Dies ist entscheidend - es bedeutet, dass stärkeres Wachstum und geringere Inflation gemeinsam auftreten, d.h. die Unternehmen können mehr Umsatz nur durch niedrigere Preise generieren. Wir befinden uns nicht in einem Umfeld starker Preismacht oder zunehmender Inflation und erwarten dies auch nicht für 2005. Mit anderen Worten: es gibt kein Umsatzwachstum. Drittens führt diese Entwicklung bei den Unternehmen zu steigenden Kosten. Die weltweit höheren Ölpreise (an der NYMEX in dieser Woche über USD 52) und die in den USA steigenden Lohnstückkosten treiben die Gesamtkosten der Unternehmen in die Höhe. Folglich wird sich auch 2005 als ein schwieriges Jahr für die Unternehmen erweisen; ihre Margen werden unter Druck geraten. Europa ist derzeit besser platziert. Es war durch den starken Euro und das starke Englische Pfund vor dem Anstieg des Ölpreises teilweise geschützt, aber dieser Effekt wird 2005 nachlassen, es sei denn, die beiden Währungen werten gegenüber dem US-Dollar noch weiter auf.

Dies ist kein Unglück; die Gewinnspannen nahmen zu und die Cashflows sind kräftig. Die Rückkehr zu Finanzüberschüssen bedeutet, dass die Unternehmensseite durch eine Konjunkturabschwächung nicht so verwundbar ist wie vorher. Ende der 90-er Jahre war die Finanzlage der Unternehmen so angespannt, dass sie - wenn erst einmal der Kapitalzufluss über den Aktienmarkt versiegt war - kaum eine andere Wahl hatten, als die Ausgaben kräftig zu kürzen. So kam es zur Rezession.

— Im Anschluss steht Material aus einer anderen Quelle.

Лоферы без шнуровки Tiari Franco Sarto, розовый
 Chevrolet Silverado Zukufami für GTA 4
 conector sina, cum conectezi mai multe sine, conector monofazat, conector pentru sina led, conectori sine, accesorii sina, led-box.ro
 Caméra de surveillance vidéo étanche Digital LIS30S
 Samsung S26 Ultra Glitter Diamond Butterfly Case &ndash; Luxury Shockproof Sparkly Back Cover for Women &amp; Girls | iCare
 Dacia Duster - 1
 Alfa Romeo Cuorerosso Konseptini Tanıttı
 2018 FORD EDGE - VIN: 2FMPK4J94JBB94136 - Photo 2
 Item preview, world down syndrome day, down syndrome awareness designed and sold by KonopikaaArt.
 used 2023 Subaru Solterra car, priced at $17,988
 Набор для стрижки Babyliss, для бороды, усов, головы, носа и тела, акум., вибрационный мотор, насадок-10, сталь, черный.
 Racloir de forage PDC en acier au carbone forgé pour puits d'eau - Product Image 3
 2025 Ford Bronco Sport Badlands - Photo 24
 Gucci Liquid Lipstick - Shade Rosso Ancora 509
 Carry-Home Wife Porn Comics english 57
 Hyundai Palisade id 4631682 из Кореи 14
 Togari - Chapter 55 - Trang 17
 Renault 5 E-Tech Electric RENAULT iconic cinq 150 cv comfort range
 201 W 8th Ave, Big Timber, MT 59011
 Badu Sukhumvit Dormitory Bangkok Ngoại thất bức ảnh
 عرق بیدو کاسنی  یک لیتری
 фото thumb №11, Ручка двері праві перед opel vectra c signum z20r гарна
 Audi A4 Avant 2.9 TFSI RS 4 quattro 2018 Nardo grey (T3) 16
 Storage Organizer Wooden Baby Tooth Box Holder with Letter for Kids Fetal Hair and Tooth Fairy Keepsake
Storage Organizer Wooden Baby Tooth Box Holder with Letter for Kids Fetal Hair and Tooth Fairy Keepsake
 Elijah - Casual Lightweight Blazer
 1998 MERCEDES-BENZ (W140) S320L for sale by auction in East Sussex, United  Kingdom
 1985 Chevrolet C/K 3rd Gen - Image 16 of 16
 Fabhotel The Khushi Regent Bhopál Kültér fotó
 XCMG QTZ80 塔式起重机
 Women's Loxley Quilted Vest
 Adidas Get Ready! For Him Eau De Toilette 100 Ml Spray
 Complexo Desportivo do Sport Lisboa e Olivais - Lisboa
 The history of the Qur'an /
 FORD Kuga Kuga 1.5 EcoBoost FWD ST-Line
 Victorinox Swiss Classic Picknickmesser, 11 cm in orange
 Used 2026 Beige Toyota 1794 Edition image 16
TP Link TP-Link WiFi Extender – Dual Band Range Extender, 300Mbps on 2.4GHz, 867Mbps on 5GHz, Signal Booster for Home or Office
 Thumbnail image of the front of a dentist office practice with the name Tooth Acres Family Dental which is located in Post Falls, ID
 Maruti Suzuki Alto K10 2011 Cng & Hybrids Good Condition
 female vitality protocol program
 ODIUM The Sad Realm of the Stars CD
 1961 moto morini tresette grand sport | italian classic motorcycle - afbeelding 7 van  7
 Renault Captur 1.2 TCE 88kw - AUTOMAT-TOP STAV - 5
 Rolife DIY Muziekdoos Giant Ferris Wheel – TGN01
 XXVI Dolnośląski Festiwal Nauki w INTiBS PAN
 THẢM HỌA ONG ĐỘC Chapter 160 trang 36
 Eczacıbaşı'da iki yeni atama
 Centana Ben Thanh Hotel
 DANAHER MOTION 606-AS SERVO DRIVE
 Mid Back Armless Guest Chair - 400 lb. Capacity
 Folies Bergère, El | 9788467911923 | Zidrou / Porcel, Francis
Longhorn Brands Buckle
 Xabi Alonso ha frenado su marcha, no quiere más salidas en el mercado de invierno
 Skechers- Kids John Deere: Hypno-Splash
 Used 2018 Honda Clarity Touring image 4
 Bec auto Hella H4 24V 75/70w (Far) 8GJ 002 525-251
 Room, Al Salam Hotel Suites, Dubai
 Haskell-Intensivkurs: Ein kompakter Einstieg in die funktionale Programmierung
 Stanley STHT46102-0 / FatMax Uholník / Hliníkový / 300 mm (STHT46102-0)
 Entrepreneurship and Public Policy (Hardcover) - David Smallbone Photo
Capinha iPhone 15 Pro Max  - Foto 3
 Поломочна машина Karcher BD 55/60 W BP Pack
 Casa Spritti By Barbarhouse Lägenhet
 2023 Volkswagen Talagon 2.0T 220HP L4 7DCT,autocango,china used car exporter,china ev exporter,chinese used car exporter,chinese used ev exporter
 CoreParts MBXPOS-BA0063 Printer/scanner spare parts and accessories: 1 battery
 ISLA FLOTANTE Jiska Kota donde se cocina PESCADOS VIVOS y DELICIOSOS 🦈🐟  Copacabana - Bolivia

Dennoch wird so deutlich erkennbar, wie verwundbar die Konjunktur auf einen Umschwung der "animalischen Instinkte" reagiert. Sollten sich Unternehmen stärker zurückhalten, werden sie Investitionen und Neueinstellungen hinausschieben und so die Konjunktur schwächen. Dies ist ein sich selbst erfüllender Vorgang und zeigt die Wichtigkeit der Unternehmensausgaben als Triebkraft der Aktivität in einer Schwächeperiode des Konsums.

Vor diesem Hintergrund bleiben wir in Bezug auf die Aussichten zurückhaltend und haben unsere Prognosen nicht angepasst. Nach unserer Auffassung sind die beiden Themen Preismacht und Unternehmensausgaben für die Aktienmärkte nach wie vor entscheidend.

Auf die Stimmung kommt es an

Trotz allem liefert die Volkswirtschaft nicht alle Antworten auf Marktveränderungen; die Finanzmärkte sind bei weitem volatiler als die unterliegenden Fundamentaldaten. Eine Erklärung liegt darin, dass die Vielzahl an enttäuschenden Konjunkturnachrichten, die im Sommer über den Markt hereinbrach, die Aktien aus der Bahn warf. Seitdem passen die Volkswirte ihre Erwartungen an und die Anleger positionieren sich für noch schwächere Ergebnisse. Die jüngsten Konjunkturnachrichten überraschten positiv und stützten die Aktien. Diese Entwicklung dürfte sich fortsetzen. Beim Übergang ins Jahr 2005 wird das Problem für Aktien(gesellschaften) darin liegen, in einem Umfeld mit steigenden Kosten und geringer Preismacht nachhaltige Erträge zu erzielen.